Lascio perdere il durissimo giudizio di Antonio Labriola sul PSI che "pesca" nel "bestiame votante" e ricordo la nobiltà della politica che Turati incarnò con la sua storia di militante e dirigente del movimento dei lavoratori. Pongo l'accento sull'assedio fascista, cui lo strappano Rosselli e Pertini, e sull'epilogo doloroso in terra straniera, quando il tramonto della vita assume i colori bui della disfatta ideale. E' senza retorica che ricordo un'altra disfatta, quella che nell'aprile del 1945 assume il sapore della nemesi storica. Ricorro istintivamente ai toni alti e sento che il richiamo è appropriato: è Pertini che incontra a Milano Mussolini battuto: Pertini, che aveva condotto in Francia Turati battuto. Poche parole, la resa senza condizioni e una solo garanzia: salva la vita e un processo.
Il duce sceglie la fuga ed è piazzale Loreto.
La storia talvolta è anche giusta, commento. E provoco senza volerlo la domanda naturale: in che senso?

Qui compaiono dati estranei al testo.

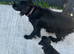 Springer spaniel X cockerpoo pups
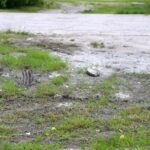 Kielce. Mieszkańcy gruntowej ulicy Mikołaja Reja domagają się modernizacji drogi / Krzysztof Bujnowicz / Radio Kielce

Un abisso - rispondo - separa sul piano morale Pertini e Mussolini.
Dietro Pertini ci sono i partigiani. Combattenti di lingua, cultura e religione diversa - altro che guerra civile - lottano in tutta Europa, soldati della democrazia, esercito irregolare che non ha patria e nazionalità: è fatto di francesi, jugoslavi, belgi, olandesi, polacchi, russi, angloamericani sfuggiti alla cattura o evasi. Li unisce un ideale: la volontà di battere il nazifascismo. Dall'altra parte ci sono italiani e tedeschi soprattutto e sparute unità militari fornite da governi fantoccio e dall'inferno dei campi di concentramento. Difendono le leggi razziali, la follia del genocidio fatta scienza di governo, il disprezzo per la democrazia eletto a dottrina politica. Uno spartiacque che non è possibile superare - e che non consente strumentali paragoni nemmeno con la degenerazione stalinista - ideali che non si possono in alcun modo confondere né sul piano morale, né su quello materiale. E se i morti meritano rispetto, non altrettanto si può dire per gli ideali che li hanno visti lottare e cadere.
E' un fatto: da morti, i ragazzi di Salò sono uguali ai ragazzi caduti in armi dalla parte opposta.
Uguali, per il rispetto dovuto alla morte.
Da vivi no.
Da vivi furono ciechi o criminali difensori di un'aberrazione.
Non ci saranno leggi o governi a modificare il giudizio morale della storia.